Monday 27 April 2009

DB5


I want to be like James Bond. I say 'like James Bond' because I don't want to actually wrestle with henchmen on the burning wing of a death-spiraling aircraft 20,000 feet above the earth. Just your everyday 007 with dashes of Cary Grant thrown in to ensure extra handsomeness. And this is for my wife and kids, not to engage in hubris-driven acts of conquest.

Keep in mind I look nothing like Sean Connery, Roger Moore, Pierce Brosnan (Timothy Dalton was surely an aberration), or Daniel Craig. Ian Fleming's image of Bond was that nattily dressed, serious looking chap above, with his stern visage and tousled, dark hair. Again, totally not me, there has never been a bald Bond.

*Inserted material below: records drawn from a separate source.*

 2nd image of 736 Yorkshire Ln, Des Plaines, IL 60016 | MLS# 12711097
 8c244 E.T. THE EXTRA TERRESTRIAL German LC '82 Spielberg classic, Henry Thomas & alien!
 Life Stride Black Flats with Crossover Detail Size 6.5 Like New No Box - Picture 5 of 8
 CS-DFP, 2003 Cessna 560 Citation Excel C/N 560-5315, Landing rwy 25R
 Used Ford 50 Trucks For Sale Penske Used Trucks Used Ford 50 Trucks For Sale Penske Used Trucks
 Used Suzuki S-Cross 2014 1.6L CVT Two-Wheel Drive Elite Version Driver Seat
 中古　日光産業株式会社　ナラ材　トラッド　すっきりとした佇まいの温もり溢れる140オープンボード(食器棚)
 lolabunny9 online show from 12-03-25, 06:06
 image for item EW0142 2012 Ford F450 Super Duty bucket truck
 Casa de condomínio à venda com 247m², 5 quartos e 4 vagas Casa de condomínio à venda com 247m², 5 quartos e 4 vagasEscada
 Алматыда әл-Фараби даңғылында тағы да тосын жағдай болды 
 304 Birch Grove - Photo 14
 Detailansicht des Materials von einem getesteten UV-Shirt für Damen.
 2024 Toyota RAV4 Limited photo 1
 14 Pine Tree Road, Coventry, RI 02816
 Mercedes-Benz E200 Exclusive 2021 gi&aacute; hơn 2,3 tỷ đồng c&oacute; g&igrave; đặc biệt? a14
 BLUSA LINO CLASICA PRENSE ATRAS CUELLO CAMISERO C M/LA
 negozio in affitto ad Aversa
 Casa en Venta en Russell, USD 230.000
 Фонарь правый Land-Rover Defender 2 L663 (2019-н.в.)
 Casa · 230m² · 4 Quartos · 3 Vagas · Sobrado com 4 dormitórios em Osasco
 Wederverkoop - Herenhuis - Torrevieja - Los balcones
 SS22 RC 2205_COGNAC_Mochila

But can I have the Brioni suit and a '65 Aston Martin DB5 to arrive at my spectacularly dull government job that is so far removed from the exotic locales of the Bond films that I cringe thinking about it? Should I be working, in fact, this instant on tracking down leaseholders and making sure the Peterson file doesn't get cross-filed with the fencing file for the school playground job? Does James Bond have to sit at this brown-gray desk day after day shoving stacks of nonsense from countertop to recycle bin in an endless loop until death comes on some bitterly cold late winter Monday morning?

Oh, but forgive me, the insanity took hold for a minute and reality kicked me in the back of the head forty times to drown out the James Bond Theme playing in my imagination.